Kebutuhan Sumber Dana yang Kian Mendesak
Penanganan sama artinya dengan
pendanaan. Tanpa dana, semua masalah akan terbengkalai, dan semua analisis akan
menjadi omong kosong. Untuk mengatasi sebuah persoalan dibutuhkan sebuah langkah
riil. Yaitu
1. Mengoptimalkan
segenap sumber daya pendanaan yang sudah ada
2. Meningkatkan
semua sumber yang berpotensi mendatangkan pemasukan bagi negara untuk membiayai
penyelesaian semua masalah yang dihadapi bangsa kita ini.
Governance, publik
maupun bisnis, harus diusahakan membaik secara bersamaan agar seluruh jajaran
aparat Negara (mulai dari birokrasi pemerintah, lembaga legislative dan lembaga
peradilan) dapat bersama-sama, bergotong royong, mengatasi masalah demi masalah
sesuai dengan bidang tugas masing-masing.
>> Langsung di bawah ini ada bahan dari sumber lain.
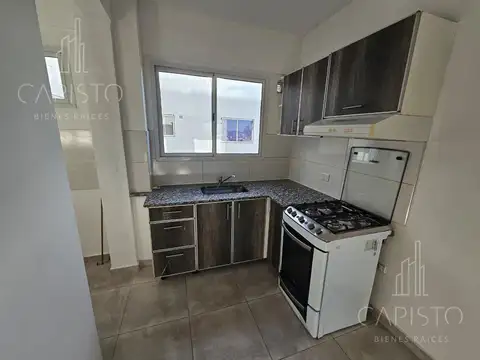 Departamento en Alquiler con 1 cocheras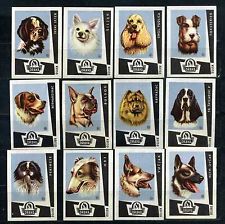 Yugoslavia  DOGS MATCHBOX LABELS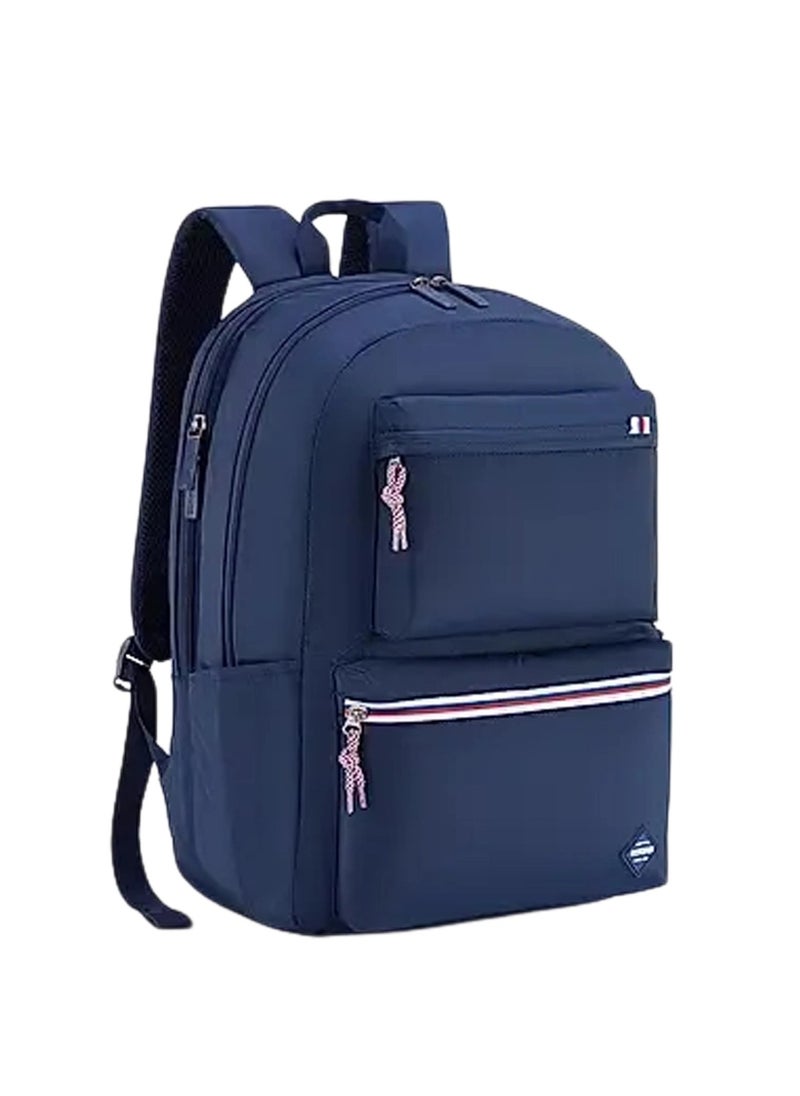 AMERICAN TOURISTER American Tourister Riley Laptop Backpack - Midnight Blue - 1 Year Global Warranty  - Image 2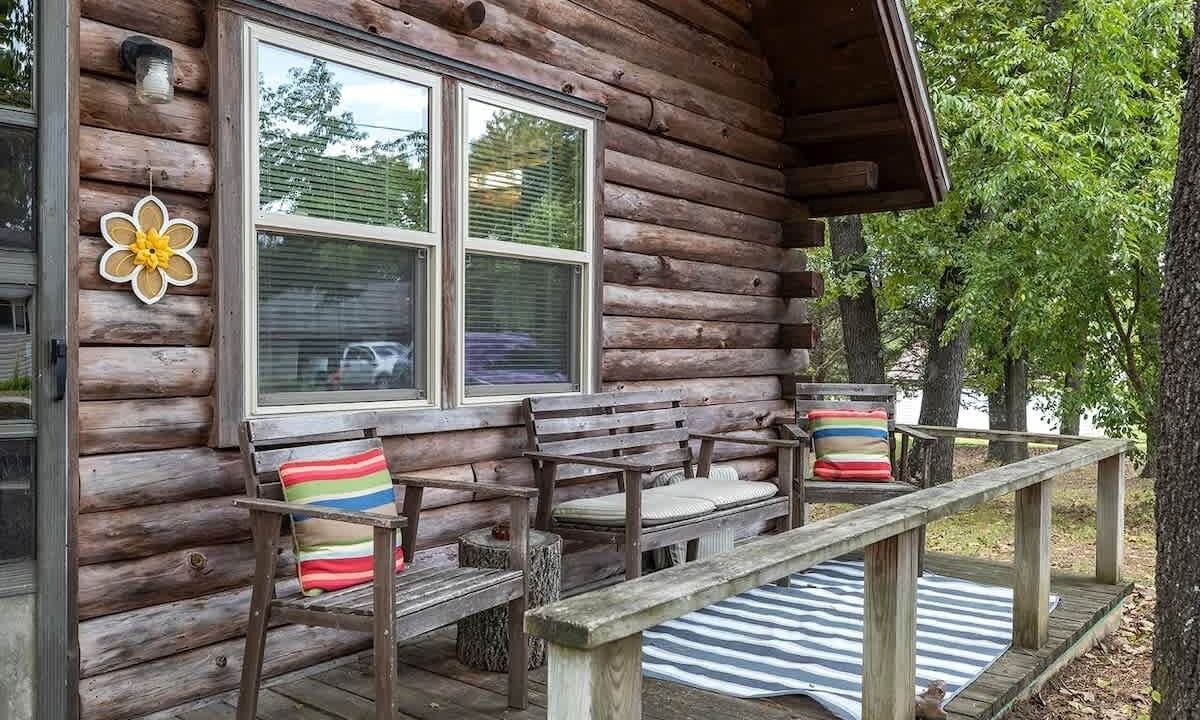 Photo of Patio Balcony in Golden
Pemberantasan korupsi harus
dilaksanakan terus demi mendukung penajaman efisiensi pemanfaatan keuangan
Negara.
Untuk
mengatasi sebuah persoalan, misalnya tentang infrastruktur fisik keras (jalan
raya, saluran irigasi, dan jarinagan rel kereta api), seluruh dana dalam satu
atau beberapa APBN saja tidak akan cukup. Demi memperbaiki pendidikan saja,
berbagai pos pengeluaran yang juga penting harus dikorbankan. Padahal, gaji 4
juta pegawai negeri harus dibayar, belanja militer harus tetap dipaksakan
alokasinya agar kapal-kapal asing tidak seenaknya masuk ke wilayah kita dan
seenaknya mengklaim sebagai warisan nenek moyangnya. Berbagai subsidi juga
harus dibayar terus agar kota-kota besar tidak menjadi lautan demonstran.
Maka
dari itu kita harus berusaha meningkatkan sumber ddana secara bertahap, sedikit
demi sedikit namun pasti. Seluruh komponen bangsa harus terlibat dalam upaya
besar ini, namun analisis selanjutnya akan ditekankan pada sector publik
mengingat kedudukan sentral Negara, khususnya pemerintah atau lembaga
eksekutif, sebagai mesin utama pembangunan nasional. dalam hal ini yan paling
berpengaruh adalah pajak, BUMN, potensi daerah.
B.
Hakikat Pajak Sebagai Sumber Pendapatan Negara
Semakin maju suatu
Negara, semakin besar pula peran pajaknya, karena Negara maju kian membatasi
diri dari peran sebagai pemain langsung dalam perekonomian melaui BUMN, BUMD,
dan sebagainya. Sesungguhnya pajak bukanlah sebuah beban, melainkan adalah
sebuah tanggung jawab alamiah. Semakin besar peran pajak, semakin besar pula
kekuatan moral dan pengaruh rakyat secara keseluruhan sebagai pembayar pajak.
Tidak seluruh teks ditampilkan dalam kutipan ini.